**** DATA SHOWN
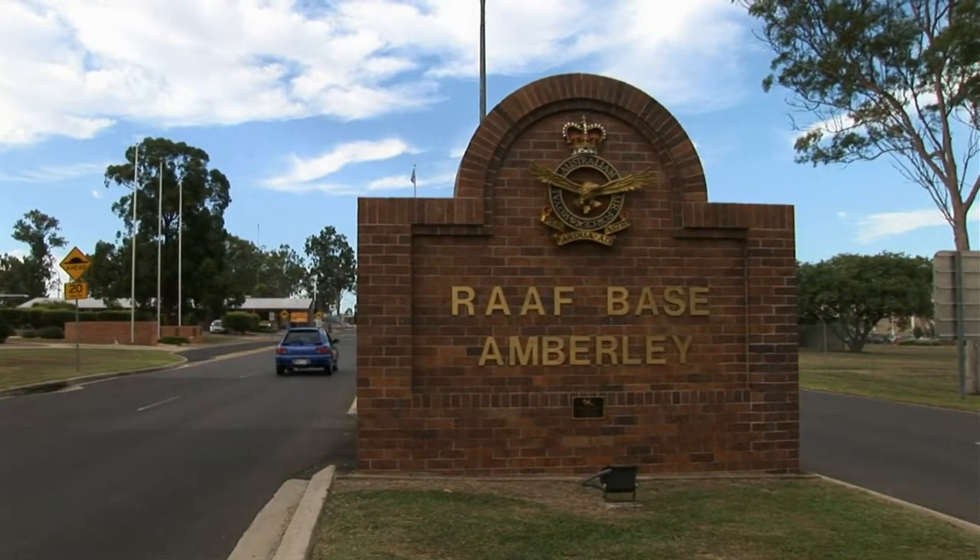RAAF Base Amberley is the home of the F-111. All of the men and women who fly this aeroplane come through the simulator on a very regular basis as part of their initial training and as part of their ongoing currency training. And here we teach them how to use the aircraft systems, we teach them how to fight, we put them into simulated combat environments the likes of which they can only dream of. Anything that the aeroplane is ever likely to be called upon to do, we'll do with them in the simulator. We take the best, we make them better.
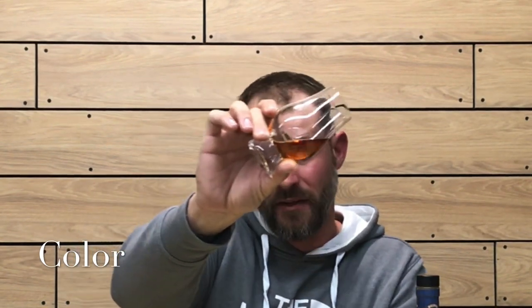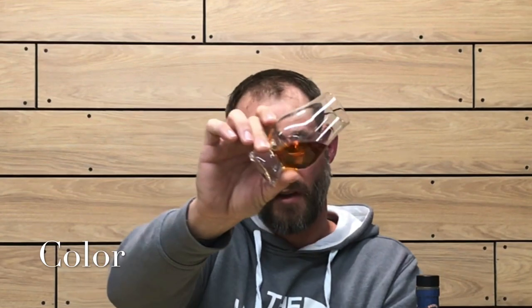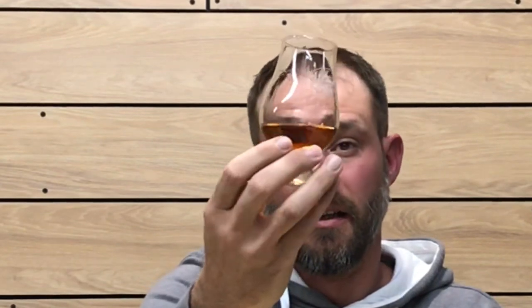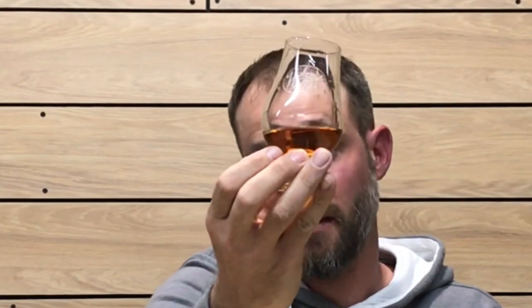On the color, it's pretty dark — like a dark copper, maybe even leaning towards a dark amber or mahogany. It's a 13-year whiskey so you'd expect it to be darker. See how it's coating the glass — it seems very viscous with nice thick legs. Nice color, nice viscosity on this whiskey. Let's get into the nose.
********
**** DATA SHOWN
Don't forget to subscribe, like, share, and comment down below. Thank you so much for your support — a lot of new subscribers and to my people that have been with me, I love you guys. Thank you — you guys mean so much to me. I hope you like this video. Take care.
********
Going by the entries above, repeat exactly the lines that start at the line with "RAAF Base Amberley" and go on through the line with "On the color, it's". Pictures are not part of the copy.

RAAF Base Amberley is the home of the F-111. All of the men and women who fly this aeroplane come through the simulator on a very regular basis as part of their initial training and as part of their ongoing currency training. And here we teach them how to use the aircraft systems, we teach them how to fight, we put them into simulated combat environments the likes of which they can only dream of. Anything that the aeroplane is ever likely to be called upon to do, we'll do with them in the simulator. We take the best, we make them better.
On the color, it's pretty dark — like a dark copper, maybe even leaning towards a dark amber or mahogany. It's a 13-year whiskey so you'd expect it to be darker. See how it's coating the glass — it seems very viscous with nice thick legs. Nice color, nice viscosity on this whiskey. Let's get into the nose.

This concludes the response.